Maestri di noi stessi


Molto spesso, quando suoniamo, siamo presi da così tanti pensieri che ci dimentichiamo di ascoltarci come farebbe un estraneo, o come faremmo noi stessi con un altro. La tensione dello studio porta a una scarsa attenzione all’insieme e, spesso, anche a un ascolto esterno. Penso che tutti quanti abbiate provato massimo sconforto ascoltando la vostra voce registrata; all’improvviso non la riconosciamo più, semplicemente perché siamo abituati a percepirla dall’interno, totalmente immedesimati.
Come possiamo fare per estraniarci, e provare ad essere spettatori di noi stessi?
Intanto si può suonare di fronte a uno specchio: sia frontalmente, per vedere la posizione del corpo, sia lateralmente, per controllare la condotta dell’arco.
Poi ci si può registrare. La registrazione è una pratica utilissima per migliorare il nostro studio; si potrebbe considerare quasi un secondo insegnante. Ovviamente va bene sia una registrazione audio, sia (forse ancora meglio), un video. Per entrambi, però, consiglio di acquistare apparecchi che abbiano un minimo di qualità. La registrazione fatta con il cellulare ha una qualità di suono davvero pessima.
Il momento dell’ascolto di noi stessi non è mai facile; scatta subito il giudizio, spesso impietoso, nei confronti di noi stessi.
Siamo abituati, ormai, a registrazioni perfette, eseguite da grandissimi musicisti, che hanno studiato anni e anni prima di incidere un disco! Quindi, per prima cosa, bisogna dimenticare quello che ascoltiamo di solito, e i nostri miti!
Passato il trauma iniziale, invece, si può costruire qualcosa, facendo attenzione a tutto quello che, giorno dopo giorno, ci interessa migliorare. Possiamo eseguire un brano da capo a fondo, oppure semplicemente delle corde vuote; possiamo controllare la crescita tecnica di un brano registrandolo una volta a settimana. Insomma, le idee sono tante.

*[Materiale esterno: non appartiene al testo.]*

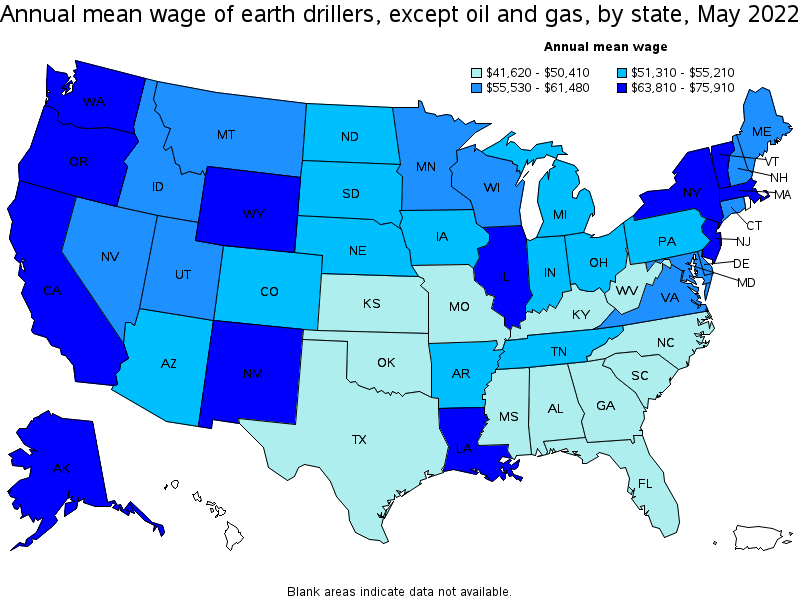 Map of annual mean wages of earth drillers, except oil and gas by state, May 2022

L’importante è imparare a essere spettatori e maestri di se stessi.





Non si fa, non si fa

Tra i vari difetti che mi capita spesso di vedere negli studenti, quello che trovo più grave è la posizione della mano destra. Ovviamente la mano è la parte finale di quello che succede in tutto il braccio e nel rapporto di questo con l’arco e con lo strumento.
Partiamo dall’inizio….
Il nostro istinto ci porta a tenere l’arco, ossia a pensare che questo debba essere sollevato sopra alle corde: è vero, abbiamo in mano un oggetto che, purtroppo, è anche lungo. Ci dobbiamo però convincere del contrario, ossia che l’arco è tenuto dal violino e che, per non suonare, è sufficiente stare fermi sulle corde.
Il nostro strumento suona quando viene sollecitato e questo avviene quando l’arco, dalla metà alla punta, si appoggia, si spalma sulle corde. Se pensiamo a come suona una corda pizzicata è semplice: più affondo il dito maggiore sarà il suono.
Se invece, nella metà superiore, io sostengo l’arco con il mignolo (purtroppo tenuto spesso rigido e non tondo e morbido), il suono non uscirà mai e non si otterrà neanche quella elasticità che deve caratterizzare il cambio di arcata.
Allora: credo si debba dedicare molto ma molto tempo innanzitutto a convincere il nostro corpo che l’arco si tiene da solo, è come un treno sui binari, è incollato sulle corde e, su queste, va spalmato. Si può anche stare fermi, su corde diverse, senza fare nulla se non percepire l’appoggio del braccio e dell’indice sulla bacchetta, e il sostegno del pollice sotto.
Poi altrettanto tempo a capire che il mignolo non deve essere tenuto rigido, sforzandosi, nonostante la difficoltà, a mantenerlo sempre tondo e rilassato (più il mignolo è teso più l’arco si solleva: se provate a premere forte il mignolo l’arco si solleverà dalle corde).
Durante lo studio è molto utile osservare la nostra mano destra: poiché il braccio è ruotato verso l’interno noi dovremmo vedere solo ed esclusivamente il dorso della nostra mano. Se invece, suonando, vediamo l’interno della nostra mano, ossia la parte che si trova tra indice e pollice, qualcosa non quadra.
Credo che questo sia uno dei punti fondamentali per capire l’emissione del suono e che non si debba mai pensare che una posizione sbagliata è solo questione di estetica. Una mano che ha il dorso parallelo all’arco, e con un mignolo rigido (che significa quindi un braccio che non si appoggia sull’indice), non potrà mai portare a un bel suono.